最難関の「撤収」を鮮やかに乗り切る、11カ条の作業原則:「英語に愛されないエンジニア」のための新行動論(22)(3/5 ページ)
海外企業との協業プロジェクトにおいて、最も難易度が高いのは「撤収」です。撤収作業は、双方に与えるダメージを最小限に抑えつつ、ひそやかに行うことが重要です。それには、どうすればいいのか? 実践編(撤収)となる今回は、ダメージを最小限に抑え、なおかつ自らに何らかの成果をもたらすような、鮮やかな撤収のための11カ条をお伝えします。
(3)撤収の判断時期は「金の切れ目」
どんなプロジェクトであれ、基本的には「金(カネ)」が投入されなければ、継続することはできません。後ろ盾になってくれる事業部や工場が逃げ出してしまった場合も、同様です。

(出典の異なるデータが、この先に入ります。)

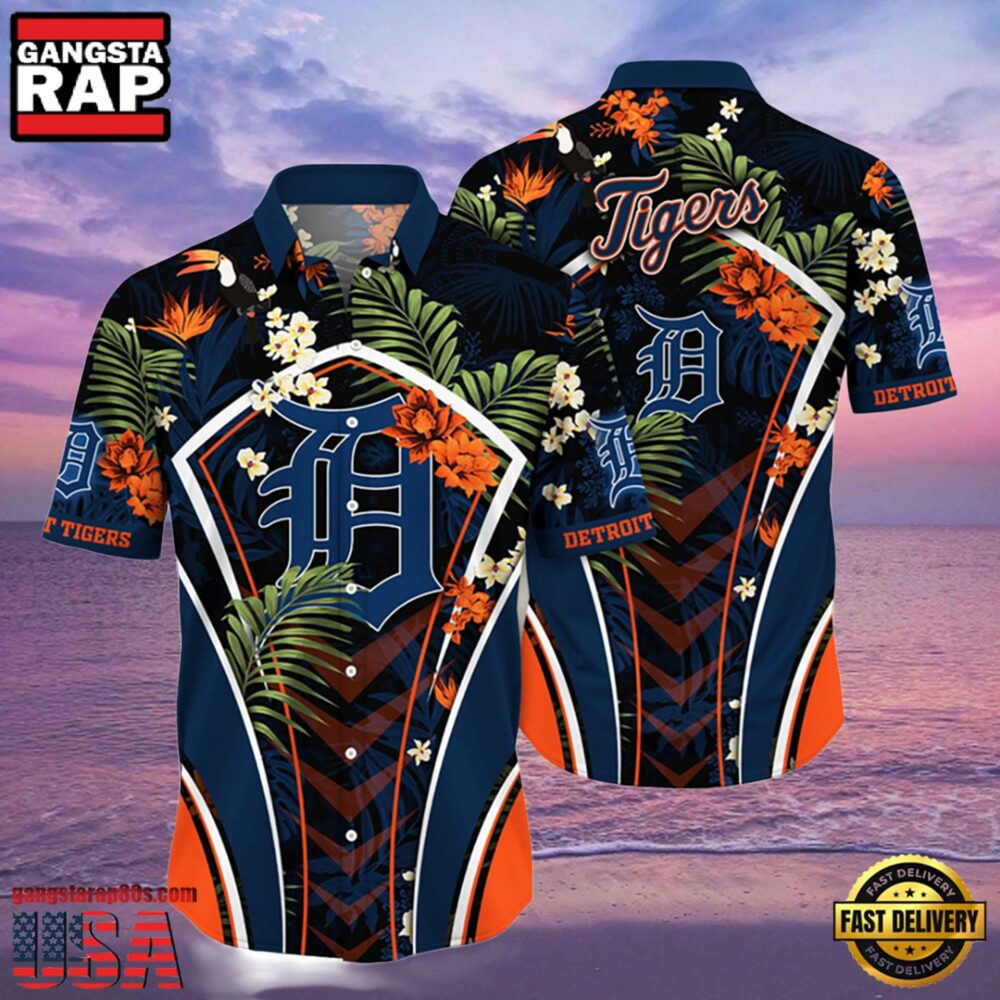 MLB Detroit Tigers Flower Tropical Hot Summer Hawaiian Button Down Shirt
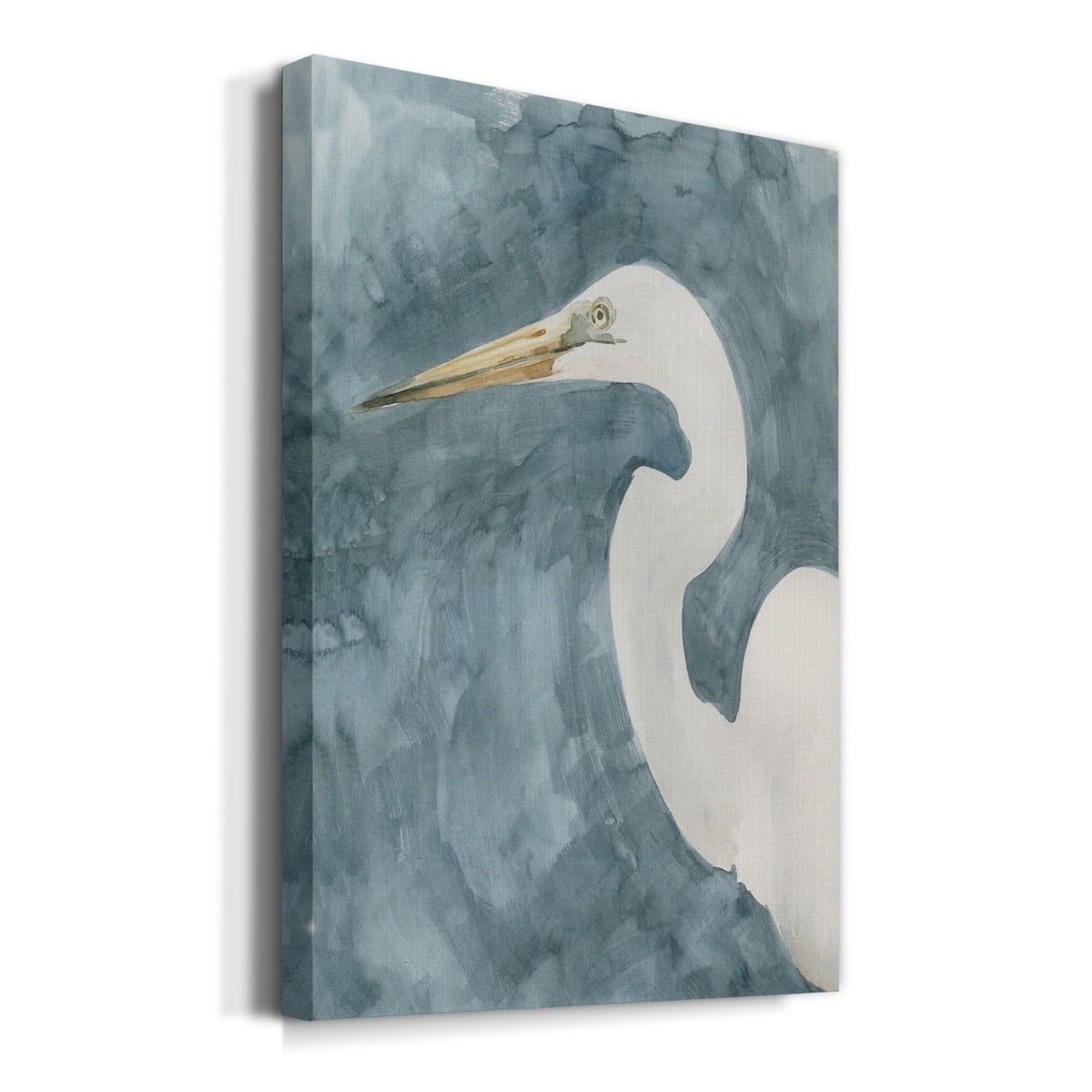 Watercolor Heron Portrait I Premium Gallery Wrapped Canvas - Ready to Hang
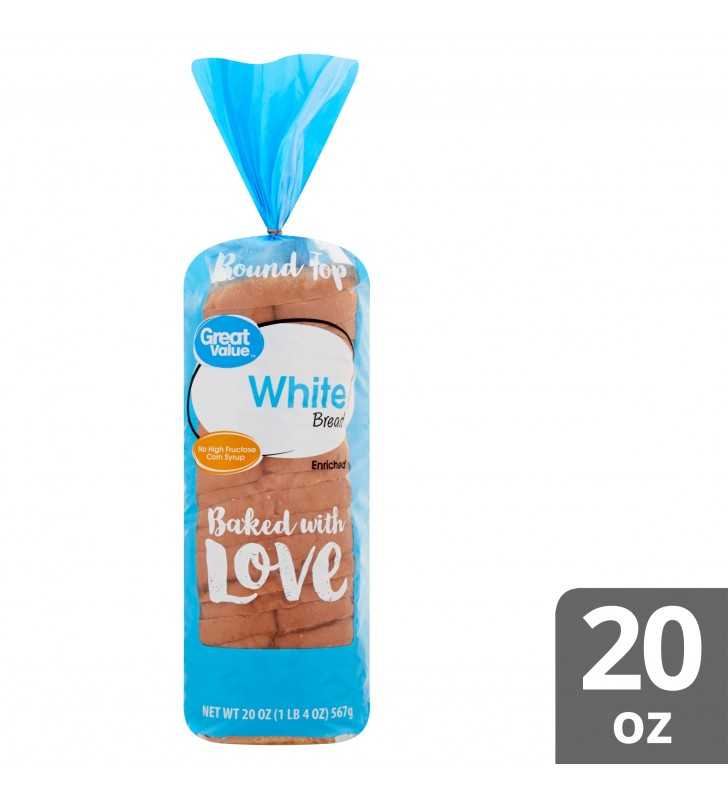 Great Value White Round Top Bread, 20 oz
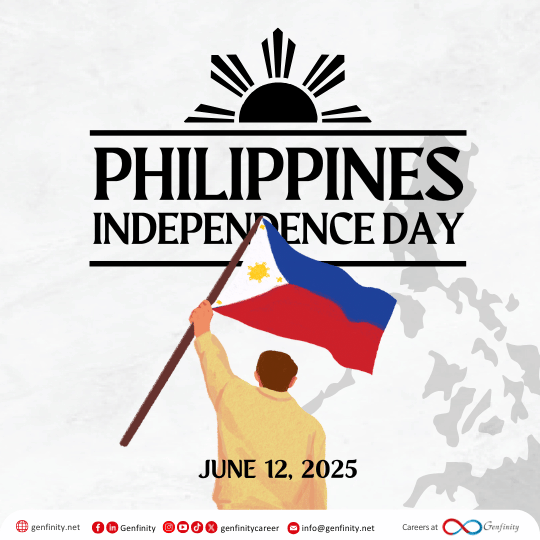 genfinitycareer's tweet image. 𝗛𝗮𝗽𝗽𝘆 𝗜𝗻𝗱𝗲𝗽𝗲𝗻𝗱𝗲𝗻𝗰𝗲 𝗗𝗮𝘆 𝗳𝗿𝗼𝗺 𝗚𝗲𝗻𝗳𝗶𝗻𝗶𝘁𝘆! 🇵🇭
 
Tomorrow, we celebrate the spirit of freedom and unity that defines our nation. Let us honor the heroes who fought for our independence and continue to uphold the values they stood for. 🙌
 
#Genfinity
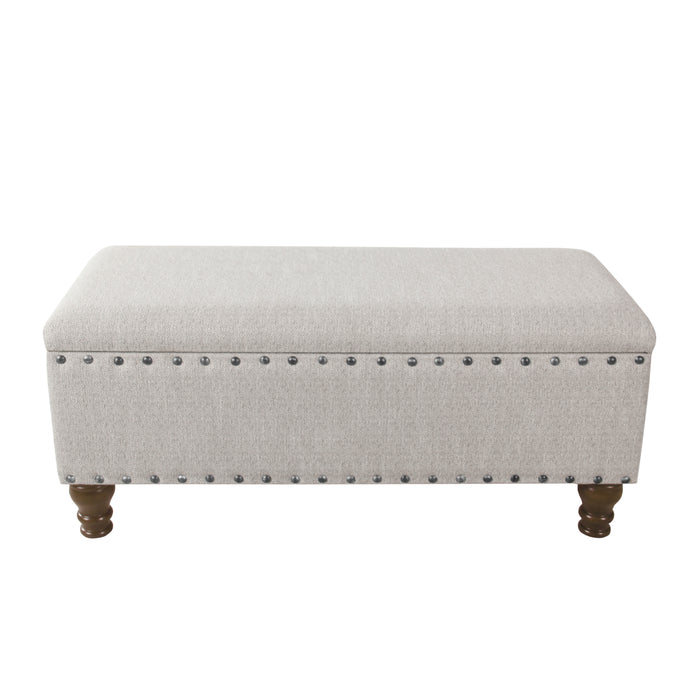 HomePop Large Storage Bench with Nailhead Trim -Gray Woven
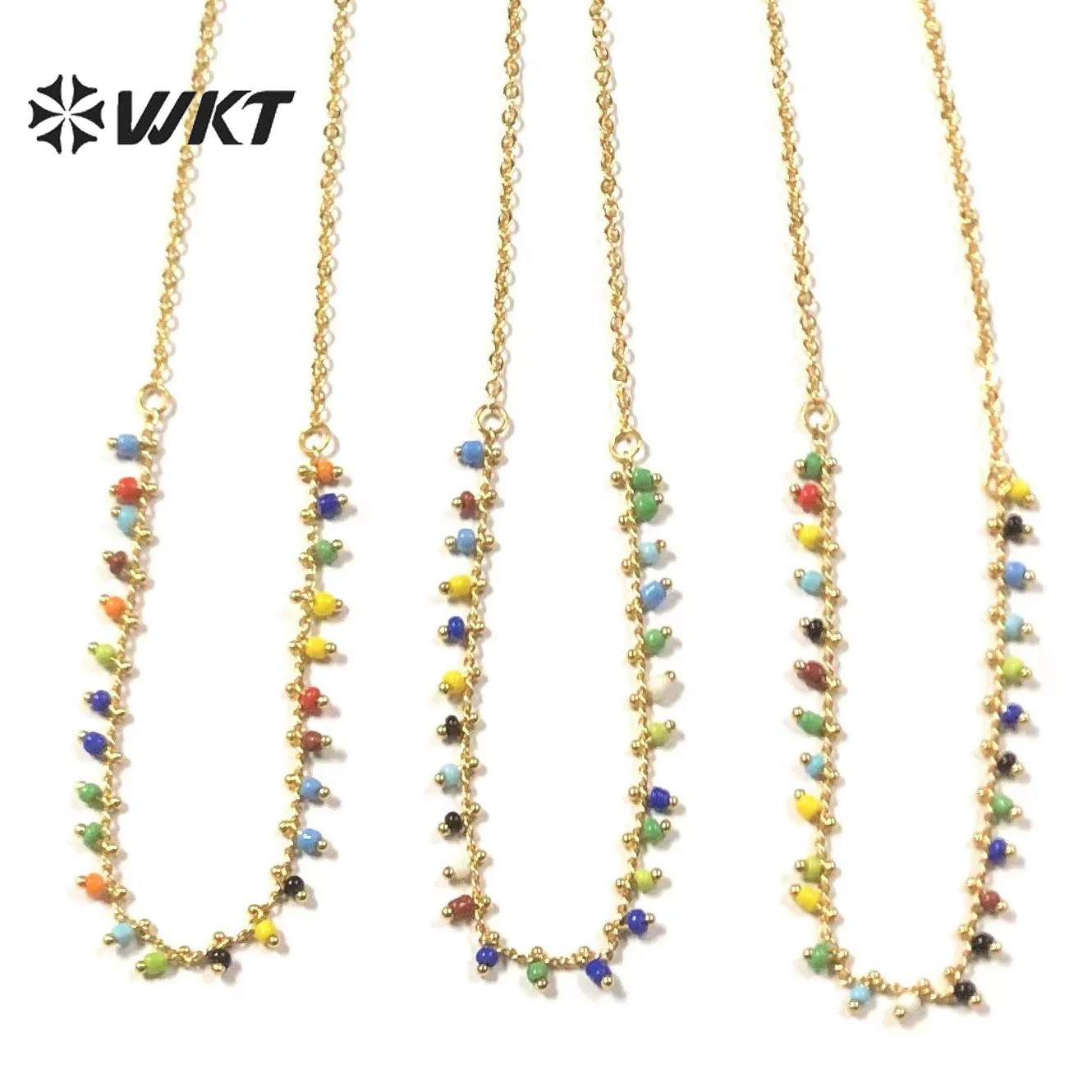 

WT-N1359 WKT 2023 Hot Style Beautiful Small Resin Beads Necklace Gold Brass Chain For Women Fine Jewelry Birthday Party ACC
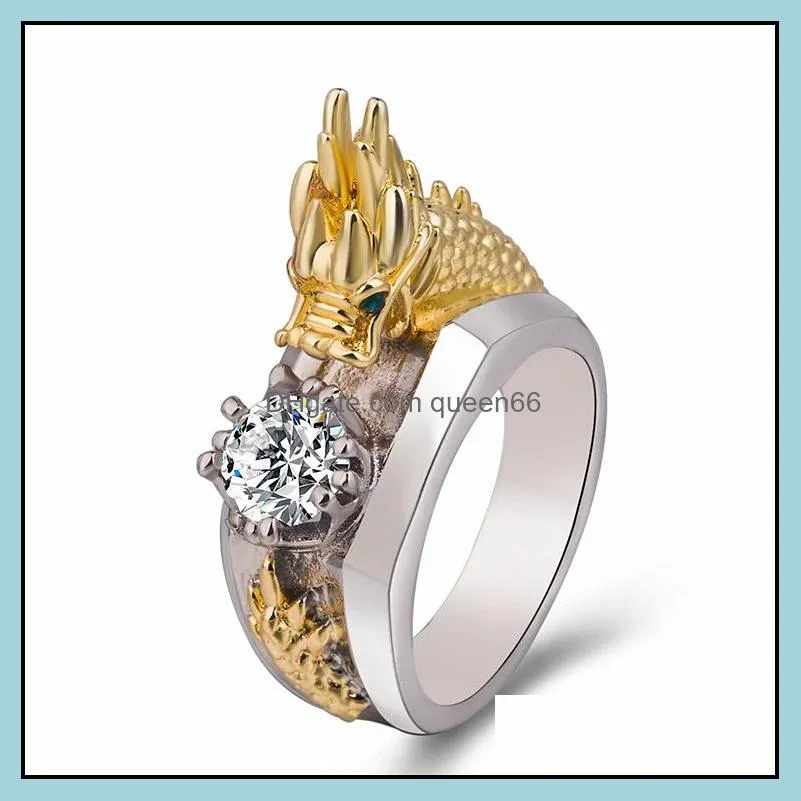 Solitaire Bague Dominatrice Anneaux Pour Hommes Sculpture Dragon Enroulement Diamant Vintage Or Hip Hop Punk Bijoux Fête Cadeau Drop Delivery Dhbn8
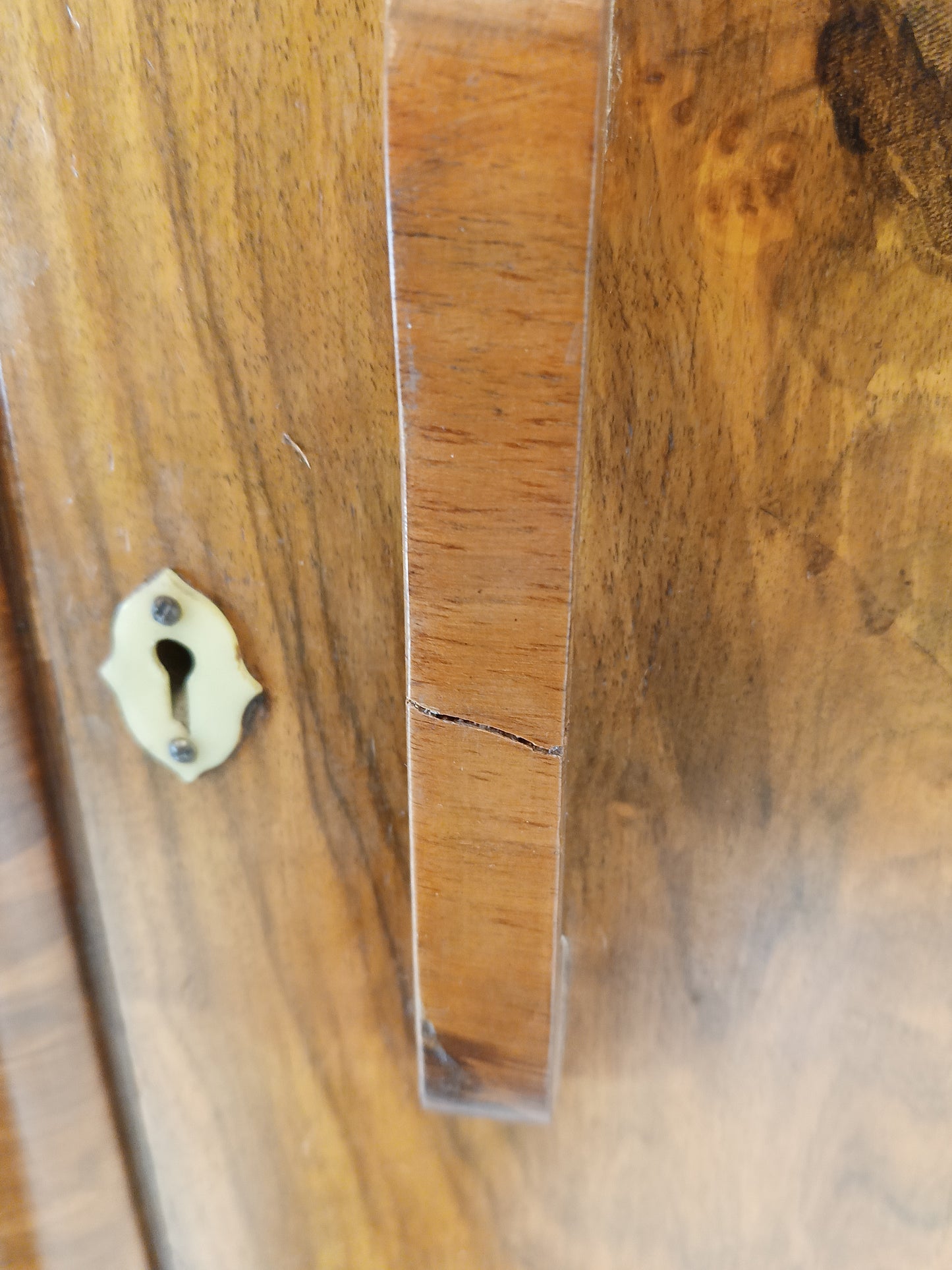 Beautiful English Art Deco Burrnut Wardrobe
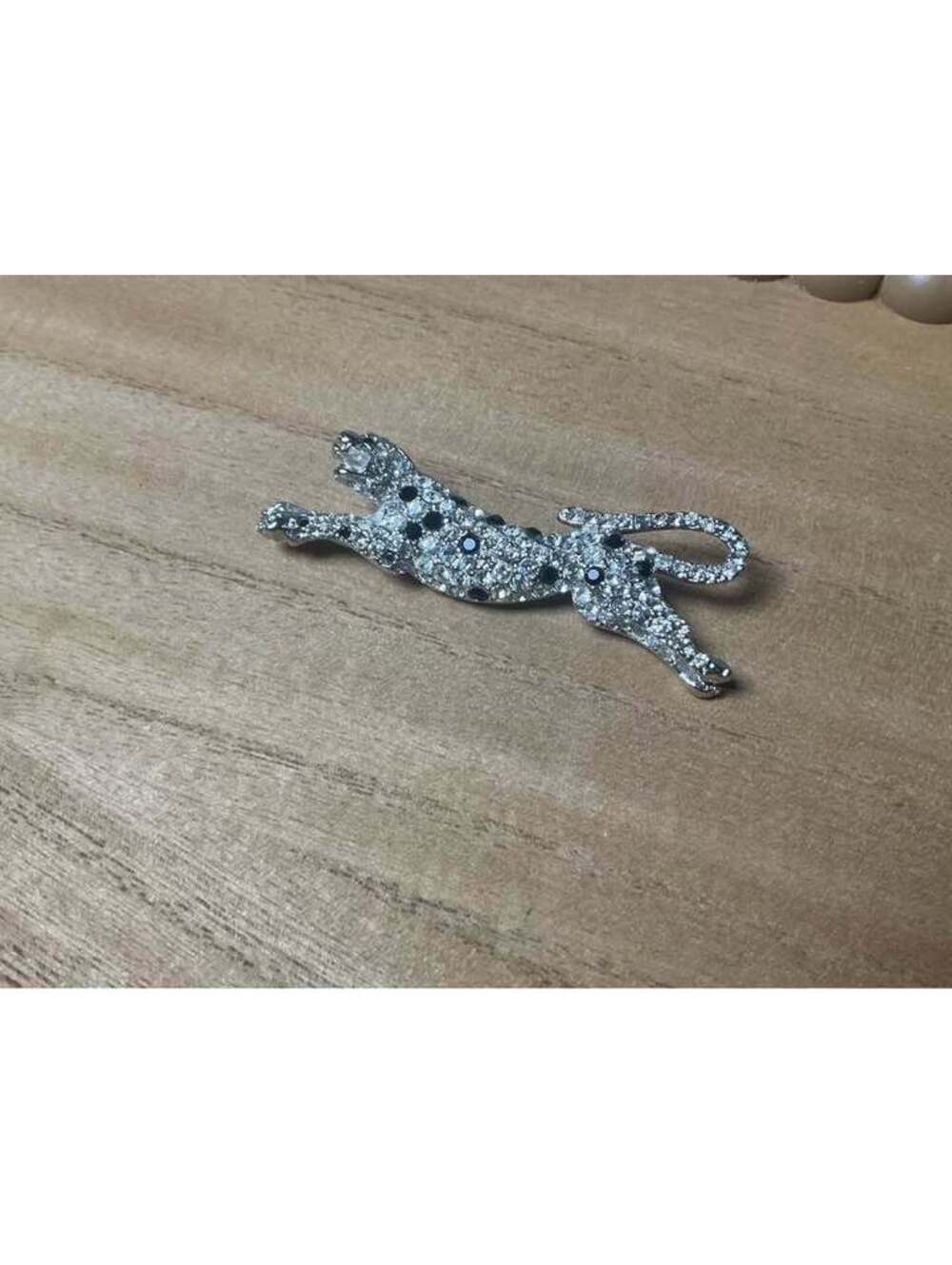 KJL Kenneth Jay Lane Rhinestone Leopard Brooch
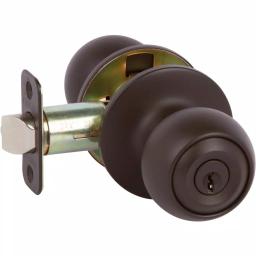 Callan Fairfield Classic Oil Rubbed Bronze Round Entry Door Knob and Single Cylinder Deadbolt Combo Pack thumbnail 1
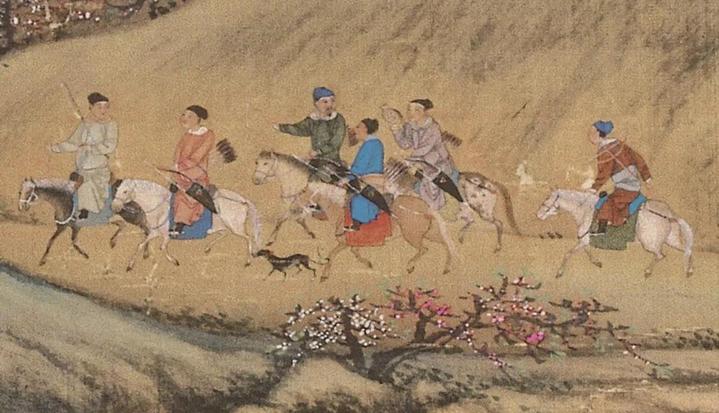 清·郎世寧《雍正十二月行樂圖》（《三月賞桃》局部），藏於故宮博物院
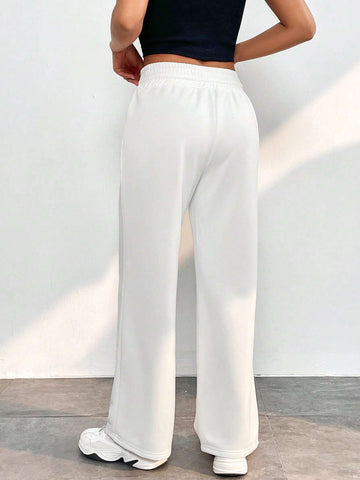 Solid Drawstring Waist Wide Leg Pants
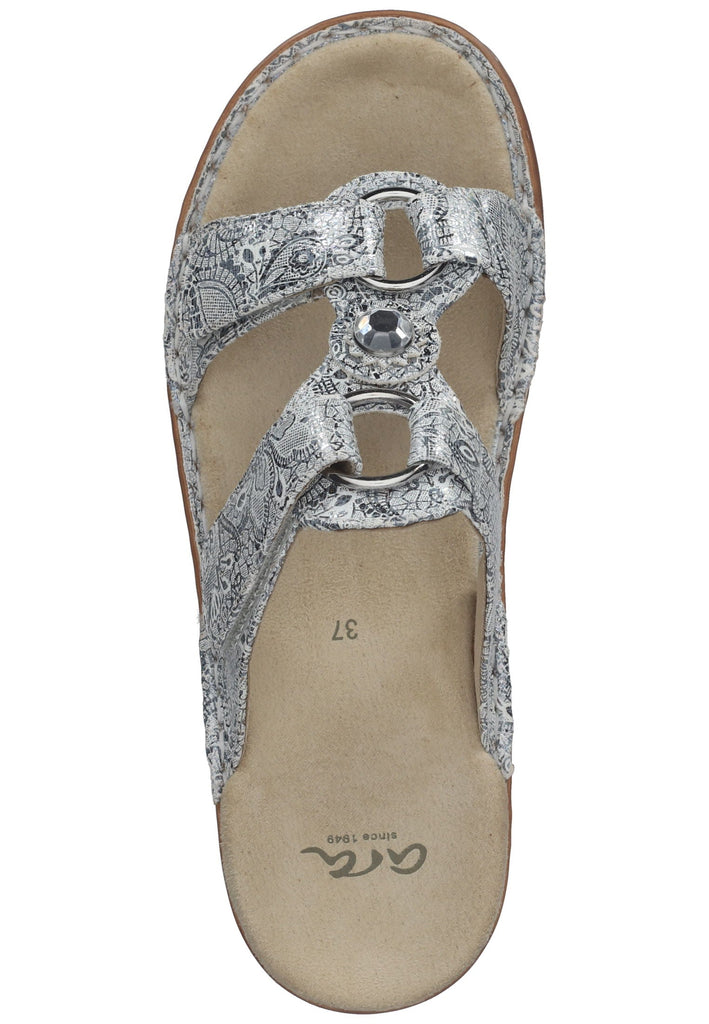 ara Pantoletten Lederimitat Silber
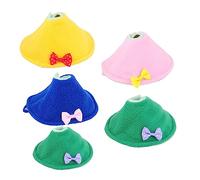 Happyyami 5pcs Pet Bird Collars Parrot Protective Neckbands Anti-biting Neck Collar Set Comfortable Plastic Suitable for Parrots and Budgies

「金(マネー)」はプロジェクトの血液であり、「事業部や工場」はプロジェクトを実施する体(ボディ)です。技術という頭脳(ブレイン)だけでは、プロジェクトを推進できません。
あなたは、あなたが自分で生み出した技術とそのプロジェクトへの深い愛を持っていると思います。しかし、思い出してください。英語に愛されない私たちは、誰よりも「愛だけでは足りない」ということを知っているハズです。
(4)状況のいかんに関わらず「失敗」という言葉を使ってはならない
誰が何と言おうと、プロジェクトに「失敗」という二文字を使ってはなりません。
金銭的な損害はどうにかなる場合もありますが、「失敗」という称呼は、グローバル協業をした会社はもちろん、自分の会社も、幹部から担当者に至るまで、全ての人のプライドをズタズタに傷付けることになるからです。
ここで使うべき代替の表現は、「第一段階の終了」または「一定の目的を達成」です。
(5)プロジェクト開始直後から、プロジェクト撤収のための布石を打っておく
これが一番大切なことになります。
開始直後からの布石とは、例えば上記のような『第一段階』『一定の目的』などという用語を濫用し、定量的な表現は、極力使用を控えることです。
売り上げの数値目標などを表記することは、最低にして最悪の手です。営業部門では避けて通れないかもしれませんが、私たちエンジニアの世界であれば、「数値を記載しなくてもすむケース」が多いはずです。ここで不必要な見えを張るべきではありません。それらの記載は、後々、接収戦において最大の障害となります。